[Start of section]

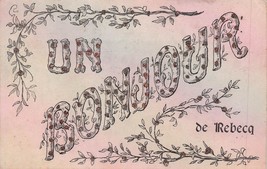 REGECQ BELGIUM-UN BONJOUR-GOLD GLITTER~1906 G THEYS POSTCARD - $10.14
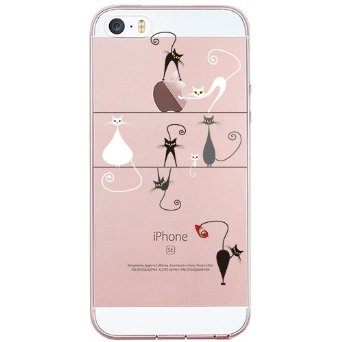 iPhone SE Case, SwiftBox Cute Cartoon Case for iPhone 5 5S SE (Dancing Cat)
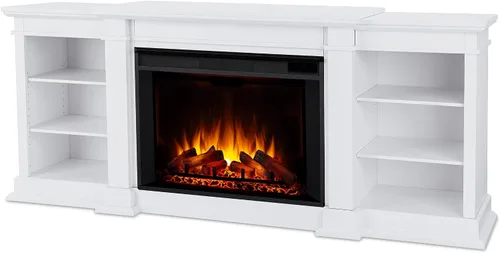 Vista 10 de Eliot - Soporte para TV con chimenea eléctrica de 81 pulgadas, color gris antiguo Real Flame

[End of section]
[Start of section]

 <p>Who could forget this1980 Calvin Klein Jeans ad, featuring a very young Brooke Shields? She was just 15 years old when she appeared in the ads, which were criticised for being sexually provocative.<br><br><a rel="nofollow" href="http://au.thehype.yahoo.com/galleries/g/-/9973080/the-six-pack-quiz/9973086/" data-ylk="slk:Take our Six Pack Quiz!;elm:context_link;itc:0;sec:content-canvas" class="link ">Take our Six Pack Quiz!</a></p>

[End of section]

TASK DETAILS –
Reproduce the lines above beginning at the line that contains "REGECQ BELGIUM-UN BONJOUR-GOLD" and ending at the line that contains "Vista 10 de". No pictures.

SOLUTION TO THE PROBLEM –
 REGECQ BELGIUM-UN BONJOUR-GOLD GLITTER~1906 G THEYS POSTCARD - $10.14
 iPhone SE Case, SwiftBox Cute Cartoon Case for iPhone 5 5S SE (Dancing Cat)
 Vista 10 de Eliot - Soporte para TV con chimenea eléctrica de 81 pulgadas, color gris antiguo Real Flame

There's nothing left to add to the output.